I have come across two cases for which I have no solution. Sometimes the parameter of interest is the inverse of the data or the ratio of two variables.    
Examples: 


*

*the ratio of two normally distributed variables:

*

*data: mean and sd for percent nitrogen and percent carbon 

*parameter: ratio of carbon to nitrogen.


*the inverse of a normally distributed variable:

*

*data: mass/area

*parameter: area/mass



My current approach is to use simulation:
e.g. for a set of percent carbon and nitrogen data with means: xbar.n,c, variance: se.n,c, and sample size: n.n, n.c:
set.seed(1)
per.c <- rnorm(100000, xbar.c, se.c*n.c) # percent C
per.n <- rnorm(100000, xbar.n, se.n*n.n) # percent N

I want to parameterize ratio.cn = perc.c/perc.n
# parameter of interest
ratio.cn <- perc.c / perc.n

Then choose the best fit distributions with range $0 \rightarrow \infty$ for my prior 
library(MASS)
dist.fig <- list()
for(dist.i in c('gamma', 'lognormal', 'weibull')) {
    dist.fit[[dist.i]] <- fitdist(ratio.cn, dist.i)
}

Question:
Is this a valid approach? Are there other / better approaches?
Thanks in advance!
Update: the Cauchy distribution, which is defined as the ratio of two normals with $\mu=0$, has limited utility since I would like to estimate variance. Perhaps I could calculate the variance of a simulation of n draws from a Cauchy?
I did find the following closed-form approximations but I haven't tested to see if they give the same results... Hayya et al, 1975
$$\hat{\mu}_{y:x} = \mu_y/mu_x + \sigma^2_x * \mu_y  / \mu_x^3 + cov(x,y) * \sigma^2_x * \sigma^2_y / \mu_x^2$$
$$\hat{\sigma}^2_{y:x} = \sigma^2_x\times\mu_y / mu_x^4 + \sigma^2_y / mu_x^2 - 2 * cov(x,y) * \sigma^2_x * \sigma^2_y / mu_x^3$$
Hayya, J. and Armstrong, D. and Gressis, N., 1975. A note on the ratio of two normally distributed variables. Management Science 21: 1338--1341
 A: You might want to look at some of the references under the Wikipedia article on Ratio Distribution.  It's possible you'll find better approximations or distributions to use.  Otherwise, your approach seems sound.
Update I think a better reference might be:


*

*Ratios of Normal Variables and Ratios of Sums of Uniform Variables (Marsaglia, 1965)
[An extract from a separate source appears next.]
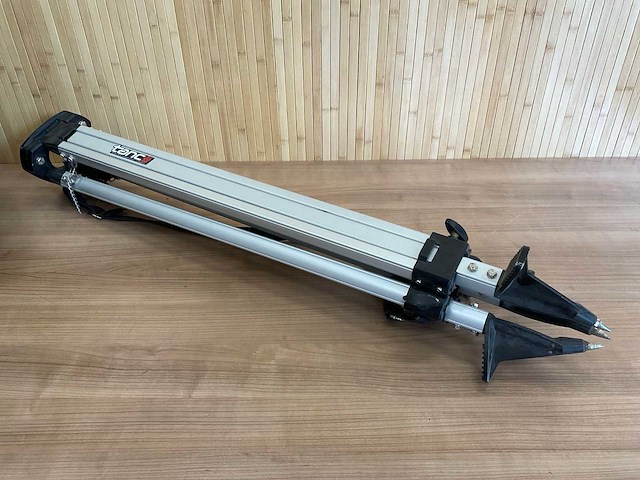 Tanco big rotator roterende bouwlaser met statief - afbeelding 3 van  6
See formulas 2-4 on page 195.
Update 2
On your updated question regarding variance from a Cauchy -- as John Cook pointed out in the comments, the variance doesn't exist.  So, taking a sample variance simply won't work as an "estimator".  In fact, you'll find that your sample variance does not converge at all and fluctuates wildly as you keep taking samples.  
A: Could you not assume that $y^{-1} \sim N(.,.)$ for the inverse of a normal random variable and do the necessary bayesian computation after identifying the appropriate parameters for the normal distribution.
My suggestion below to use the Cauchy does not work as pointed out in the comments by ars and John.
The ratio of two normally random variables follows the Cauchy distribution. You may want to use this idea to identify the parameters of the cauchy that most closely fits the data you have.